Everything we say is routine, turns out to have its own twists and turns. This is true with selling a small business as well. In this case, a small business is one that has perhaps $3,000,000 in annual sales. It may not be so small to operate and certainly requires the ingenuity of the owner.
From the seller’s perspective a typical sale looks like this:
- The owner elects to have me do a valuation, a paid professional service
- This takes about 10 days from the time I receive all of the materials.
- I present the owner with a value that meets standards and a marketing package/draft.
- The owner elects to list with me (or not.)
- The listing excludes anyone you want to exclude.
- The business is marketed according to our mutually agreed to plan and materials.
- I vet all comers, sending materials to only those that meet certain requirements, including signing non-disclosure, do no harm agreement and declaring financial capability.
- The owner (with me) has a phone or in person meeting with those who have a keen interest.
- The buyer may request additional information to be sent and it is the owner’s decision whether to release it before an agreed-to offer. The owner needs to have a certain comfort level that the
- buyer is not merely a tire-kicker and has capability to buy and operate.
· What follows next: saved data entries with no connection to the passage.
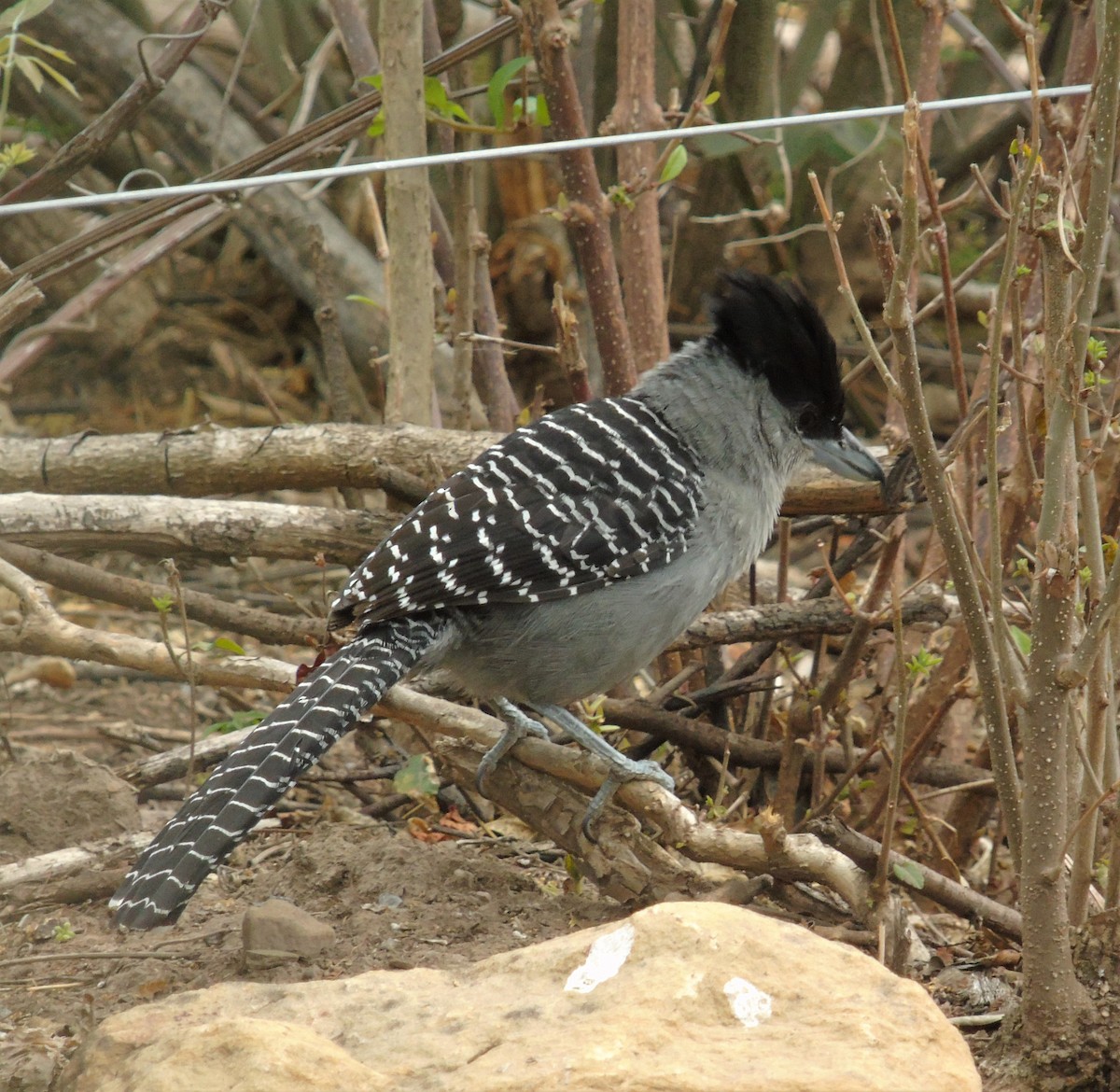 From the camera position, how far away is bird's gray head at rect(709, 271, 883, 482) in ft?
14.0

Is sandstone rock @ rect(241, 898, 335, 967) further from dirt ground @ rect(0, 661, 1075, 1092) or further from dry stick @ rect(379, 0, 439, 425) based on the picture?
dry stick @ rect(379, 0, 439, 425)

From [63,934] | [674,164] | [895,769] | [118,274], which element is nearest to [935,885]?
[895,769]

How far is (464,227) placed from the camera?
16.3 feet

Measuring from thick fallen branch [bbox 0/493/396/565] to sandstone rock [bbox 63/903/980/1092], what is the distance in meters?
1.78

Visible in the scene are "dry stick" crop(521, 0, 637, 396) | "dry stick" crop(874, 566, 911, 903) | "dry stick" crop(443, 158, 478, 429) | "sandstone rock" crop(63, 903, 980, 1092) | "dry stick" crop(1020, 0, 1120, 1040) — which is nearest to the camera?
"sandstone rock" crop(63, 903, 980, 1092)

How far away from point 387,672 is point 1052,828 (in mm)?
1648

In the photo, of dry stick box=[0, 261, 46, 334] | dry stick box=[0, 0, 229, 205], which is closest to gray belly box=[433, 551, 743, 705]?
dry stick box=[0, 261, 46, 334]

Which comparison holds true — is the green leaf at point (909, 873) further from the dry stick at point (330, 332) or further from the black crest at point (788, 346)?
the dry stick at point (330, 332)

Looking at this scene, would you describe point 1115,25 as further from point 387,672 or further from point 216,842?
point 216,842

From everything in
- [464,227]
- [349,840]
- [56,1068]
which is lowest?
[349,840]

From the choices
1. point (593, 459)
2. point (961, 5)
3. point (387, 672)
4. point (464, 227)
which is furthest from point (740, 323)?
point (961, 5)

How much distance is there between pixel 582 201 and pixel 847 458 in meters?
1.29

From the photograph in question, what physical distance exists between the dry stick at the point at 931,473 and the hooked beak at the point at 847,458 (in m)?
1.22

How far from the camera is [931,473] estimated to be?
2705 mm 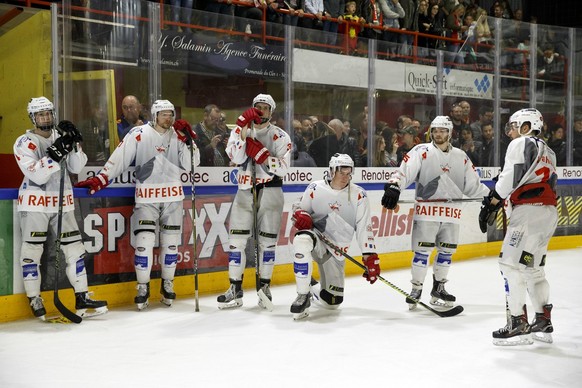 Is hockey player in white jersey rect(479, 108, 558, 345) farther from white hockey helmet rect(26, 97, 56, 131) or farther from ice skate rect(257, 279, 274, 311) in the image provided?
white hockey helmet rect(26, 97, 56, 131)

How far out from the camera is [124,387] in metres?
3.55

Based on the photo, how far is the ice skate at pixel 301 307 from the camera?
16.8ft

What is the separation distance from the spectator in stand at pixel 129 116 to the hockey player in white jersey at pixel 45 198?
772mm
The latter is particularly true if the owner is to be asked to finance a share of the sale.
- The offer is presented and you agree, counter, walk away.
- Due diligence begins, including contacting landlords, and perhaps others who must agree to the transaction
- You close and retire to live happily ever after! Or, maybe you buy another business.
From the time of offer to close can be as short as two weeks if it is a cash offer. With financing the close can be as short as 30 days. However, with bank or other financing, in today’s environment, the process can be delayed.
Not every business sells. Beyond marketing, perhaps the three most important features to help ensure a sale are:
- Right price and terms
- Well organized and managed
- Openness with the right buyer
Getting to Close and Professional Assistance:
Generally, I, the business intermediary, will write the offer usually as a full Offer to Purchase or Purchase Agreement (Comprehensive Agreements). Sometimes this is done as a shorter Letter of Intent or Term Sheet and followed up with one of the Comprehensive Agreement.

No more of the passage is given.